Task brief — Copy the lines below exactly, starting at the one with "Nicole beim Social" and ending at the one with "Vintage pocket watch on the rocks", and leave out any picture.

Exercise data —
'''

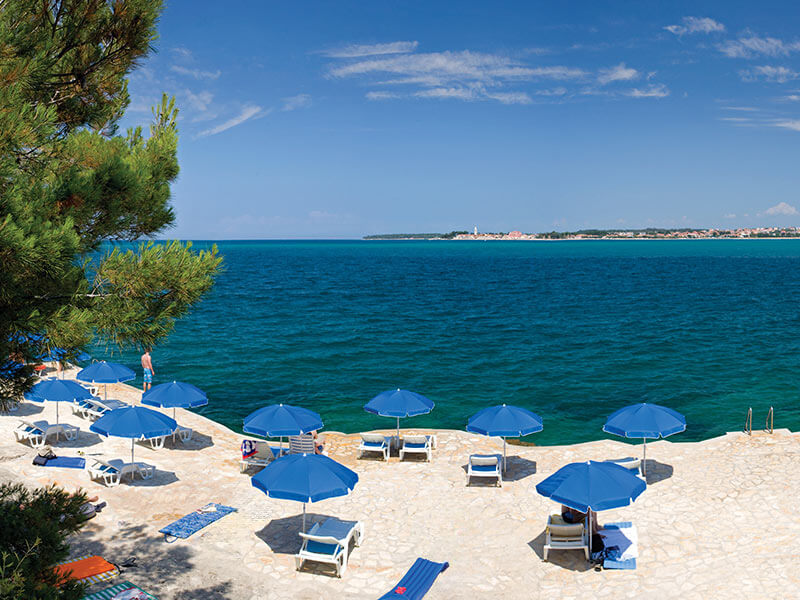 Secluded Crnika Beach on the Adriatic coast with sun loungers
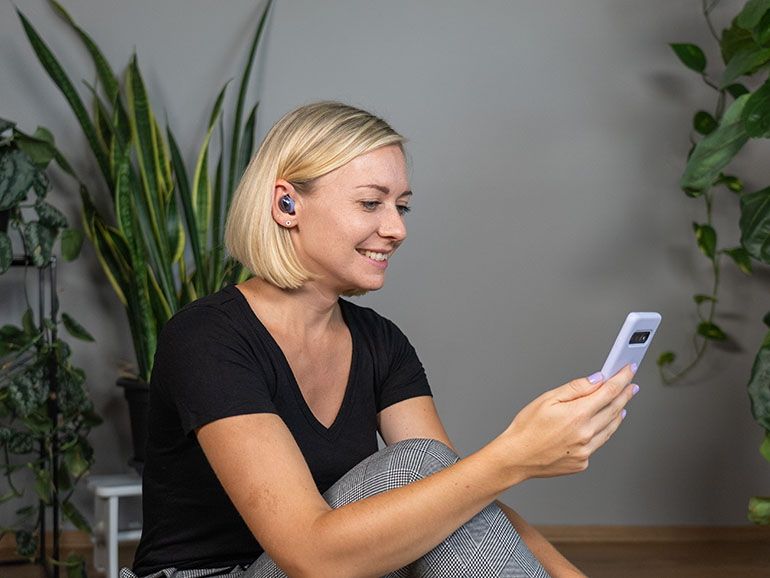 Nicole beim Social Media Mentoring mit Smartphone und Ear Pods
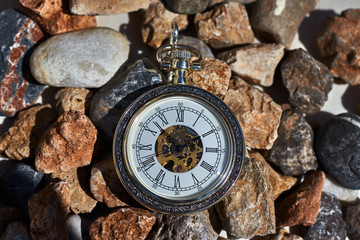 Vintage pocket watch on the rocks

'''
'''

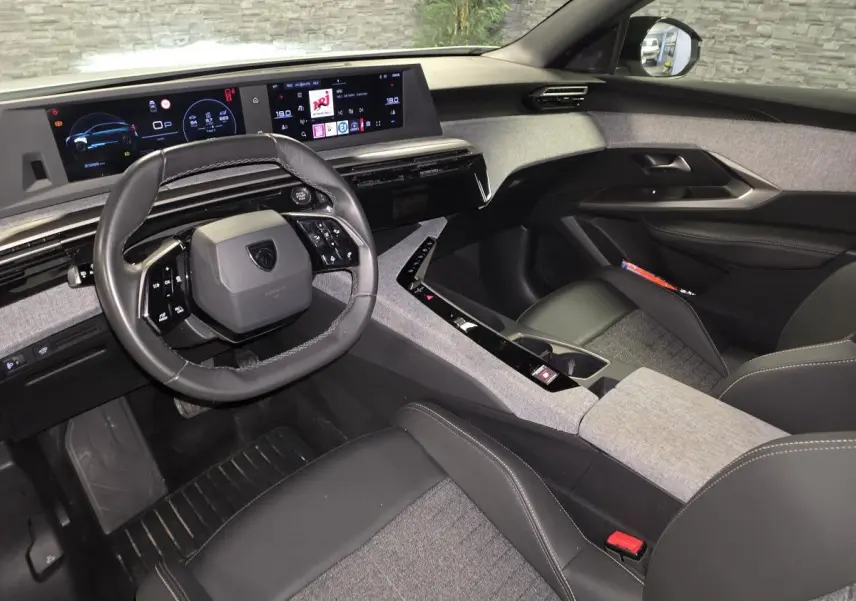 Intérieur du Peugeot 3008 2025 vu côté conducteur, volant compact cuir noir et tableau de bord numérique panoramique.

'''
'''

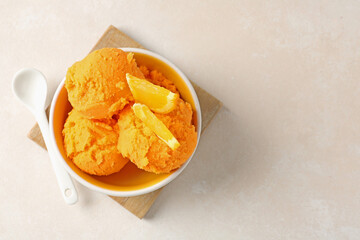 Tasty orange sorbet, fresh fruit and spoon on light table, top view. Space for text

'''

Answer box —
 Nicole beim Social Media Mentoring mit Smartphone und Ear Pods
 Vintage pocket watch on the rocks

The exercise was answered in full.